Work task:
Please go line by line through the material and copy each one containing the word "Shoulder".

[Material shown Boundary: Start]

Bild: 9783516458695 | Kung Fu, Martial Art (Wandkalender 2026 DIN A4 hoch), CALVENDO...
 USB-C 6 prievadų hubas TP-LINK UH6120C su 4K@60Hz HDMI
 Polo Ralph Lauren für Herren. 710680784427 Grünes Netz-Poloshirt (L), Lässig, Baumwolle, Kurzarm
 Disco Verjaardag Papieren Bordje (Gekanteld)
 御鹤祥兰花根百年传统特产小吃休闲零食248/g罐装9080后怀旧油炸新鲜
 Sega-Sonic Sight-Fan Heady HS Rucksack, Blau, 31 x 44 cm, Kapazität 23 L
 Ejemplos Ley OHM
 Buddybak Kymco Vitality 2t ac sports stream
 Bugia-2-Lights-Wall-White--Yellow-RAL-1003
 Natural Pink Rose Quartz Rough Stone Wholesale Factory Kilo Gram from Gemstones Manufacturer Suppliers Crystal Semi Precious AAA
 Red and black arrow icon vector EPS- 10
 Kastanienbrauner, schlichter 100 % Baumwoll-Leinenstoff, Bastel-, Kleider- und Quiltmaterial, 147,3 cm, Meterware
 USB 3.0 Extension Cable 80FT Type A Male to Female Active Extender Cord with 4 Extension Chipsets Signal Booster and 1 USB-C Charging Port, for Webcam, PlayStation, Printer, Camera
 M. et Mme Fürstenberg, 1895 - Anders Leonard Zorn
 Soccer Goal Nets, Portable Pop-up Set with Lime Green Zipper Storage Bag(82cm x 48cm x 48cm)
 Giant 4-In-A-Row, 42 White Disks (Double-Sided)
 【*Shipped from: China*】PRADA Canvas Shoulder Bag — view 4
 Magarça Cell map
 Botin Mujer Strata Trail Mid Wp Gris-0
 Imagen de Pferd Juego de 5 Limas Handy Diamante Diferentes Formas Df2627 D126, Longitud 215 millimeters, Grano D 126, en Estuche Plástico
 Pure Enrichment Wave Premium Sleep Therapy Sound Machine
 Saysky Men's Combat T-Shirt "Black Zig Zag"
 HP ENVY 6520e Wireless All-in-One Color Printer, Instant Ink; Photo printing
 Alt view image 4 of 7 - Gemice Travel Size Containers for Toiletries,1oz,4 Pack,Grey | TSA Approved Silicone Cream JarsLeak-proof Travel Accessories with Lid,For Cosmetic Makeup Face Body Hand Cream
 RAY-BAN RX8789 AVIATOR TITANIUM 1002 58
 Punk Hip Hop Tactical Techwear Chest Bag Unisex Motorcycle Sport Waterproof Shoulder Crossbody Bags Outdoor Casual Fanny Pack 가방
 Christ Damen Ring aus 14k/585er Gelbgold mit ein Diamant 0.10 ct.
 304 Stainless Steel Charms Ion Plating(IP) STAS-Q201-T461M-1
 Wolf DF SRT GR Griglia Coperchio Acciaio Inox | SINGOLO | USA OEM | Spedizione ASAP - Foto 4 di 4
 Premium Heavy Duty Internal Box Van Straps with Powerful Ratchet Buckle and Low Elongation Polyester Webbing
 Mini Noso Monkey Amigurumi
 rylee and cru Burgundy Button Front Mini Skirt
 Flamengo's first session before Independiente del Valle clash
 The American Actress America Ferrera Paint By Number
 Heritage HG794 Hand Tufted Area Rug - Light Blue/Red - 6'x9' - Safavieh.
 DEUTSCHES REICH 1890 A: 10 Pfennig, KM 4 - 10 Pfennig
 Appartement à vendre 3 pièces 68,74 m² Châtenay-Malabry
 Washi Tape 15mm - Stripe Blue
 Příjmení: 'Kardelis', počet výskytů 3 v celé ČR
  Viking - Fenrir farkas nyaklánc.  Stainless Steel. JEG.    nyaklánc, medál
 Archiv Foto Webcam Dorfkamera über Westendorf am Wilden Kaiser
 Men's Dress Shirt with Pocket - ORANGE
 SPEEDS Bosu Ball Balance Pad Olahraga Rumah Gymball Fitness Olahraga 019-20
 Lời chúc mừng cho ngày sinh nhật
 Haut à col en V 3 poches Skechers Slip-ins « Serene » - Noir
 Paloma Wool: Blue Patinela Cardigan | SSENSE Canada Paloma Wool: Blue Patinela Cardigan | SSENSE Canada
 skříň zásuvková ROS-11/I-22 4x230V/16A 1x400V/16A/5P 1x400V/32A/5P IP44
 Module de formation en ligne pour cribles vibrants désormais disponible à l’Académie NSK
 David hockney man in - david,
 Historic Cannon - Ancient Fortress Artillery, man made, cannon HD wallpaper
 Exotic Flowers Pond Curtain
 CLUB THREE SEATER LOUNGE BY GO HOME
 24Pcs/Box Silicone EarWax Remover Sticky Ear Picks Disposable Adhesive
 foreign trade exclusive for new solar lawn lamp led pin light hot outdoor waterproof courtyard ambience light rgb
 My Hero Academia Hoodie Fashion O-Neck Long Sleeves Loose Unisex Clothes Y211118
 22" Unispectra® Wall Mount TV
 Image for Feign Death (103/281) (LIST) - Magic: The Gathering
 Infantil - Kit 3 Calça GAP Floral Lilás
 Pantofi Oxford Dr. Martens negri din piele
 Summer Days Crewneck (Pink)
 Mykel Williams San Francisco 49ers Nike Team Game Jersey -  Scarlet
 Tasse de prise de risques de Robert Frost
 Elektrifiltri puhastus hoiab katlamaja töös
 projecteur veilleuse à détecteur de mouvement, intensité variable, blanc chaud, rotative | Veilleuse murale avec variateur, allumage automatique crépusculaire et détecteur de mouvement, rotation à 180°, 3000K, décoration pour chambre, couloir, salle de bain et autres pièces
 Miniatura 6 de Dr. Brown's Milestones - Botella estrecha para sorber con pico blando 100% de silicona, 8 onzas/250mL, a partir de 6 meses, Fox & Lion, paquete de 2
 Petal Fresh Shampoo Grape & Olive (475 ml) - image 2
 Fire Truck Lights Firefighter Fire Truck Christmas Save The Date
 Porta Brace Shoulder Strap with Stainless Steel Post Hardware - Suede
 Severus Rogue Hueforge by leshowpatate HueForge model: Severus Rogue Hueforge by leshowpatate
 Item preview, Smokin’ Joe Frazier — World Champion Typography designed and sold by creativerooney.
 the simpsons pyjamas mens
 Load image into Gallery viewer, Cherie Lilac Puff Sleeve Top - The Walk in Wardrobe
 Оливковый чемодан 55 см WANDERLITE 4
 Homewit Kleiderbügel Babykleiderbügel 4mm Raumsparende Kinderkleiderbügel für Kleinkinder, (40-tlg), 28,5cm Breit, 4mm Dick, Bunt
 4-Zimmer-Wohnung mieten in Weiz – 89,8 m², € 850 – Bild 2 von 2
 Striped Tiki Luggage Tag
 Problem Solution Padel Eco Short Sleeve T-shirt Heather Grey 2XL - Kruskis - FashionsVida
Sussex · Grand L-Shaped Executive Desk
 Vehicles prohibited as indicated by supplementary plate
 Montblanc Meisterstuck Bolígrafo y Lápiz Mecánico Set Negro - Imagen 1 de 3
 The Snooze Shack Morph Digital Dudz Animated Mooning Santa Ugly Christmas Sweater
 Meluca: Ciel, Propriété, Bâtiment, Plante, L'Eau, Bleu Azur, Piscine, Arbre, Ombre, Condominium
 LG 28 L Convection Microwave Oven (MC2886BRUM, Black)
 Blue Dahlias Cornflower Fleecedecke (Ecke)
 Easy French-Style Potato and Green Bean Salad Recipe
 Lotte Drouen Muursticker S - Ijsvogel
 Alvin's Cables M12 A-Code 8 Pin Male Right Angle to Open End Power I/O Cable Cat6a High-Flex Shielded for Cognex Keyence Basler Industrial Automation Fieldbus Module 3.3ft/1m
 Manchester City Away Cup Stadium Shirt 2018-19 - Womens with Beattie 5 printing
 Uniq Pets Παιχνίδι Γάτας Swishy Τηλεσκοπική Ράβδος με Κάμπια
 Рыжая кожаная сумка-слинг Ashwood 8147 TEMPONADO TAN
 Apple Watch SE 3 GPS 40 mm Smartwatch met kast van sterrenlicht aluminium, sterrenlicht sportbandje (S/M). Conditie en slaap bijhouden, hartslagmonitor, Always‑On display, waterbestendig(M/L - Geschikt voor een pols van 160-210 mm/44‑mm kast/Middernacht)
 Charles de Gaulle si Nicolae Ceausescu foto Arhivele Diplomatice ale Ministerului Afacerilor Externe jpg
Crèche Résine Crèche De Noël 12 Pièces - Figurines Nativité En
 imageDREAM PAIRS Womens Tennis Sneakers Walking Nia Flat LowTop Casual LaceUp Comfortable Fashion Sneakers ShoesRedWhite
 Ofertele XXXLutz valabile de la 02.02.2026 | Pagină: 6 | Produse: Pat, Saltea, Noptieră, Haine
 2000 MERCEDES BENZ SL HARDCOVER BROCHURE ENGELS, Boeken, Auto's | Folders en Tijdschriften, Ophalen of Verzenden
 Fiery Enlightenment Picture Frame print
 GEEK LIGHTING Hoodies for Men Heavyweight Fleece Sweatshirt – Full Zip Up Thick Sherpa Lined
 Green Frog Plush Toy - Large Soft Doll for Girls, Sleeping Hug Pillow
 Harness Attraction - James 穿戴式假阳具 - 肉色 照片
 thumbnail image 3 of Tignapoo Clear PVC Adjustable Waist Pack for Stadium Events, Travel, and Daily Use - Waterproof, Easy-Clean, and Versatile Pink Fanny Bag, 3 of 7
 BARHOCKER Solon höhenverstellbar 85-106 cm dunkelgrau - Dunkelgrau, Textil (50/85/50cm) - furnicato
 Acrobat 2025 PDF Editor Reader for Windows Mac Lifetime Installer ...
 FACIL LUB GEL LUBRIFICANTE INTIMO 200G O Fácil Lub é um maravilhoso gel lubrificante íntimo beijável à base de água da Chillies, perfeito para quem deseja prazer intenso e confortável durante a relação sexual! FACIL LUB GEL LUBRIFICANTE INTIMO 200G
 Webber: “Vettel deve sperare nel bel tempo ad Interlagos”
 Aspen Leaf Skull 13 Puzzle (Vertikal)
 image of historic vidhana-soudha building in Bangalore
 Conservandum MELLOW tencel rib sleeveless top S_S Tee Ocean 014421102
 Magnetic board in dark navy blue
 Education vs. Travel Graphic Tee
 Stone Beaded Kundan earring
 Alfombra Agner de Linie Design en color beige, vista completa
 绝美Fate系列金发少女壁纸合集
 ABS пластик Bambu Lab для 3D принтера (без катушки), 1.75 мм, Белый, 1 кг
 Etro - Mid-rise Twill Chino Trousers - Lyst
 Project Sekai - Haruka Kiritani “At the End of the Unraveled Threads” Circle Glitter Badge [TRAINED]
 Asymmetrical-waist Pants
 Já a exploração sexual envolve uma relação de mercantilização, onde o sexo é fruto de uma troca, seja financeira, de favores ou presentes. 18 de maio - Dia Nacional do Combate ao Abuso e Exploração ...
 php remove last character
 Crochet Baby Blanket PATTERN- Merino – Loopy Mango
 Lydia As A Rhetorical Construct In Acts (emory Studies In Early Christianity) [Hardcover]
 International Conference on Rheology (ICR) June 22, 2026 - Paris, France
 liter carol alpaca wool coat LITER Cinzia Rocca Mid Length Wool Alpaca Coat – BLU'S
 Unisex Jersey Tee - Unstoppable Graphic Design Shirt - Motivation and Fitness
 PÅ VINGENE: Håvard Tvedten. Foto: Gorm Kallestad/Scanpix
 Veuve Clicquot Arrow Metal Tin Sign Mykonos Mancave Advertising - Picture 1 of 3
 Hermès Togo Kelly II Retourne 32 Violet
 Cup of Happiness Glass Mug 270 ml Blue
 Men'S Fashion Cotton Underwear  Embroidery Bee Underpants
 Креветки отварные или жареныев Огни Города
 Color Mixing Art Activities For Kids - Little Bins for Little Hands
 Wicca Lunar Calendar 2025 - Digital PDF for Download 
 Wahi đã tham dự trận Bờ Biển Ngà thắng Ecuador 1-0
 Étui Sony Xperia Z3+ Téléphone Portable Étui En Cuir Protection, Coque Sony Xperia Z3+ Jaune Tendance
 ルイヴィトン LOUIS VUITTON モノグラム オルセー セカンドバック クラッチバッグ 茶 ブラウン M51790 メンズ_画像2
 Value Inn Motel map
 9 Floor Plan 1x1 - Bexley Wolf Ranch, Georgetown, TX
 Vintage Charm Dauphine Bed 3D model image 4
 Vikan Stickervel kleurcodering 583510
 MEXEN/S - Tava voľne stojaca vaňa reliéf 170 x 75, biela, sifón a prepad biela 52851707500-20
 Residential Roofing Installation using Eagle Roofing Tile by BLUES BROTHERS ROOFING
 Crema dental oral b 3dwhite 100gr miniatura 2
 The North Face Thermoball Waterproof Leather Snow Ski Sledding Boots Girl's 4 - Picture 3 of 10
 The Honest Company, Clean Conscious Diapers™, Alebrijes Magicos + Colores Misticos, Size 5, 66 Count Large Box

[Material shown Boundary: End]

Your solution:
 【*Shipped from: China*】PRADA Canvas Shoulder Bag — view 4
 Punk Hip Hop Tactical Techwear Chest Bag Unisex Motorcycle Sport Waterproof Shoulder Crossbody Bags Outdoor Casual Fanny Pack 가방
 Porta Brace Shoulder Strap with Stainless Steel Post Hardware - Suede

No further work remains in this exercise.